26 Perusahaan Tercatat Dalam Bursa Efek Indonesia Sedang Lakukan Antre IPO
SABANGMERAUKE NEWS, Jakarta - Bursa Efek Indonesia (BEI) mencatat sebanyak 26 perusahaan berada dalam pipeline untuk melakukan pencatatan perdana saham atau initial public offering (IPO) hingga 1 September 2023.
Sementara pada periode yang sama, telah tercatat 64 perusahaan yang melantai di bursa dengan dana dihimpun mencapai Rp49,2 triliun.
“Sebanyak empat perusahaan memiliki aset berskala kecil atau di bawah Rp50 miliar,” kata Direktur Penilaian Perusahaan BEI I Gede Nyoman Yetna dalam keterangannya, Sabtu (2/9/2023).
Di samping itu, sebanyak 15 perusahaan masuk dalam kategori aset berskala sedang atau memiliki total nilai aset antara Rp50 miliar hingga Rp250 miliar. Serta, tujuh perusahaan memiliki aset berskala besar atau di atas Rp250 miliar.
Dari daftar pipeline perusahaan yang akan IPO, sebanyak 7 perusahaan berasal dari sektor konsumer non siklikal. Kemudian, 4 perusahaan berasal dari sektor bahan baku.
Selanjutnya, dari sektor siklikal terdapat 3 perusahaan dan 2 perusahaan dari sektor teknologi.

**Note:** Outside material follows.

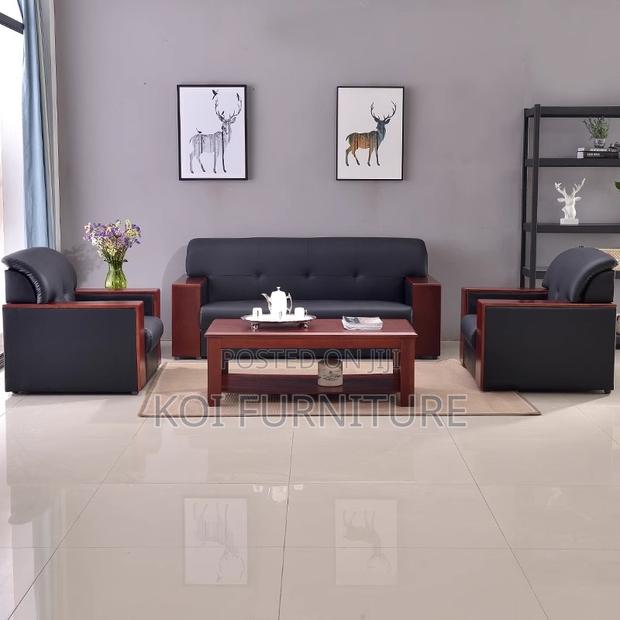 Office Sofa : 5-Seater Mahogany Armrest Office Waiting Sofa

Diikuti masing-masing 2 perusahaan dari sektor energi, kesehatan, industri dan transportasi.
“Serta masing-masing 1 perusahaan dari sektor infrastruktur dan properti,” imbuh Nyoman.
Lebih lanjut, Otoritas Jasa Keuangan (OJK) mencatat penghimpunan dana di pasar modal hingga 25 Agustus 2023 mencapai Rp172,2 triliun.
Di samping itu, pertumbuhan jumlah himpunan dana selaras dengan jumlah investor yang meningkat menjadi 11,35 juta investor per Juli 2023.
Sementara itu, capital outflow ekuitas per Agustus 2023 tercatat sebesar minus Rp18 triliun dan obligasi tercatat minus Rp6,69 triliun.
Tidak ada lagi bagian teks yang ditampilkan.